Si bien no hay certeza de que las iniciativas de Obama vayan a sacar a su país de la profunda crisis que padece, de lo que no hay dudas es de que el nuevo presidente ha reaccionado con gran celeridad y ha logrado movilizar recursos en volúmenes inimaginables. Tampoco hay dudas de que el Gobierno de Obama impondrá profundos cambios al modelo socioeconómico que ha imperado en Estados Unidos durante décadas. El sector financiero será más estrechamente regulado, la seguridad social será fortalecida, la desigualdad económica combatida, el Estado pesará más en la economía y la lucha contra el calentamiento global, intensificada.

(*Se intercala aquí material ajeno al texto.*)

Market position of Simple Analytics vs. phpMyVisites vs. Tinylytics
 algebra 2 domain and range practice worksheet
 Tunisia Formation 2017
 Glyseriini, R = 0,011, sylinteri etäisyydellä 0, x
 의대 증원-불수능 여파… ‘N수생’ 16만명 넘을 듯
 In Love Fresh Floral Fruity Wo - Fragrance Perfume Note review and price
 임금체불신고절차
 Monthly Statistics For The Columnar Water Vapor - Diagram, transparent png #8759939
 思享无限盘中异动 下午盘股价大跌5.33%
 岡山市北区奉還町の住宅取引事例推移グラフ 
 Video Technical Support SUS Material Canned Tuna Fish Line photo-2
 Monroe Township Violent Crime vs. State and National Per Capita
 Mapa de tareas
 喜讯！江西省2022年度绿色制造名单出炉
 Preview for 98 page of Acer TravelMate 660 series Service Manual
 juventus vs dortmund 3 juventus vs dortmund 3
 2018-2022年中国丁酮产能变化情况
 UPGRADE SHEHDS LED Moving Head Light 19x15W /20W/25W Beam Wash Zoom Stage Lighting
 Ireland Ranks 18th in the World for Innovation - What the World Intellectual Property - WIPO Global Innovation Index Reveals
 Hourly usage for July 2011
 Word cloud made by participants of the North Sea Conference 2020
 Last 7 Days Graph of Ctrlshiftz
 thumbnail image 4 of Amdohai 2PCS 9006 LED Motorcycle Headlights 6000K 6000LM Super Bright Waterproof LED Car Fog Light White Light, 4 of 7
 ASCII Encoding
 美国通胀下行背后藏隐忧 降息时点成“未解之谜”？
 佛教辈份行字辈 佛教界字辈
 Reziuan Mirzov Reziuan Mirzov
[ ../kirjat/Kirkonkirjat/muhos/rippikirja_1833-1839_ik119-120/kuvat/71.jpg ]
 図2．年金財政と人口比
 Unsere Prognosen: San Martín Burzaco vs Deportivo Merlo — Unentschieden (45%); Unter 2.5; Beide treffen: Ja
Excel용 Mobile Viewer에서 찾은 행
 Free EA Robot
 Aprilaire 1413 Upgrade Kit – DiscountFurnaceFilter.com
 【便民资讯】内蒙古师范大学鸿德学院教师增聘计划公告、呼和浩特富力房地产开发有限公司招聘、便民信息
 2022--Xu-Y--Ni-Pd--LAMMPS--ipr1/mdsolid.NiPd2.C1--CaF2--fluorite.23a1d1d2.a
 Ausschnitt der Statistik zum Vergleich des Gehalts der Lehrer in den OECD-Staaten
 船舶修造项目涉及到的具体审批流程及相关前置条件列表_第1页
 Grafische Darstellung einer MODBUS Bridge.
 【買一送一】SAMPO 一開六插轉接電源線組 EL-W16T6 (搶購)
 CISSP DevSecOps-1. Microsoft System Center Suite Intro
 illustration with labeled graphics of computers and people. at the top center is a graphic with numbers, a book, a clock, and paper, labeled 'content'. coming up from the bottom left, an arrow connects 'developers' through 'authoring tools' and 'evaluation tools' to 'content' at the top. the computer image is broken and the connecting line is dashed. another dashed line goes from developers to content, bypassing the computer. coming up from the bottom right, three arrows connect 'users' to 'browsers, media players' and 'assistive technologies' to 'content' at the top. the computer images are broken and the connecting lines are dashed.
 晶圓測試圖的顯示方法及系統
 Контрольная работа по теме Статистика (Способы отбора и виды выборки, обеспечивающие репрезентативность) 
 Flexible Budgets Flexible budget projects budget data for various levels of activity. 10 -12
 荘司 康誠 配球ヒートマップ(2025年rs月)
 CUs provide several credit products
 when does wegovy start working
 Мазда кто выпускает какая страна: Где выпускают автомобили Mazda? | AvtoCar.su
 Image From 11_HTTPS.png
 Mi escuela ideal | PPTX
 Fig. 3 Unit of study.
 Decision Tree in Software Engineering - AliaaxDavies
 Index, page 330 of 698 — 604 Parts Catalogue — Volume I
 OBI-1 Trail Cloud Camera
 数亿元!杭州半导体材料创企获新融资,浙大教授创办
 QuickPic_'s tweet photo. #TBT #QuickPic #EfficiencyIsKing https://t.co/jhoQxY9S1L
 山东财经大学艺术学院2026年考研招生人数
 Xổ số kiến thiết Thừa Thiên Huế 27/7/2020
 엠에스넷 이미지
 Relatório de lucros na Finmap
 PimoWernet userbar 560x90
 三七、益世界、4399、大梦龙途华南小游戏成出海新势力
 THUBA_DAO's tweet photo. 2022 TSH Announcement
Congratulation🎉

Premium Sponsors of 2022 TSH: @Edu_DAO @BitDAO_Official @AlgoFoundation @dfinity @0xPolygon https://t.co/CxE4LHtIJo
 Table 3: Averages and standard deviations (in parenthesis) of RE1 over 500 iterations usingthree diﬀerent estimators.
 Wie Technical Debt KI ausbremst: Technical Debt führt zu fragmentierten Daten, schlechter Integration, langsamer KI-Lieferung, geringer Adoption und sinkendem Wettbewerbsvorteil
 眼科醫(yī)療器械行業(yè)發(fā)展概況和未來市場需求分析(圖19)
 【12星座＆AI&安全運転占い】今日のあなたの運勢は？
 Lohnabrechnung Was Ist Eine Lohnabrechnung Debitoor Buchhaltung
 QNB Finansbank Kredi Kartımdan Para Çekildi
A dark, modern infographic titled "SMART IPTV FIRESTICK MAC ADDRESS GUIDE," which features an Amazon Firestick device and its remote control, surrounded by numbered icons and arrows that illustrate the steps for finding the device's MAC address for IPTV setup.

De la misma manera que sus predecesores -especialmente George W. Bush- se excedieron en el peso que le dieron al mercado es casi seguro que Obama se exceda -en parte obligado por las circunstancias- en el peso que dará al Estado. También sabemos que muchos de los remedios que se están utilizando tendrán efectos negativos más adelante: mayor inflación, por ejemplo.

Pero de lo que no hay duda es de que el nuevo presidente está dispuesto a usar todos los recursos de su país para reactivarlo tanto económica como social, tecnológica y políticamente. El éxito no está garantizado. El intento sí.


Fuente: El País.com
Autor: Moisés Naím. Venezolano, ex ministro de Industria y Comercio de Venezuela entre 1989 y 1990 y antiguo director ejecutivo del Banco Mundial. Director en jefe de la edición norteamericana de Foreign Policy y columnista de El País, Financial Times, Newsweek, Corriere della Sera, L'Espresso, TIME, Le Monde, Berliner Zeitung entre otras publicaciones.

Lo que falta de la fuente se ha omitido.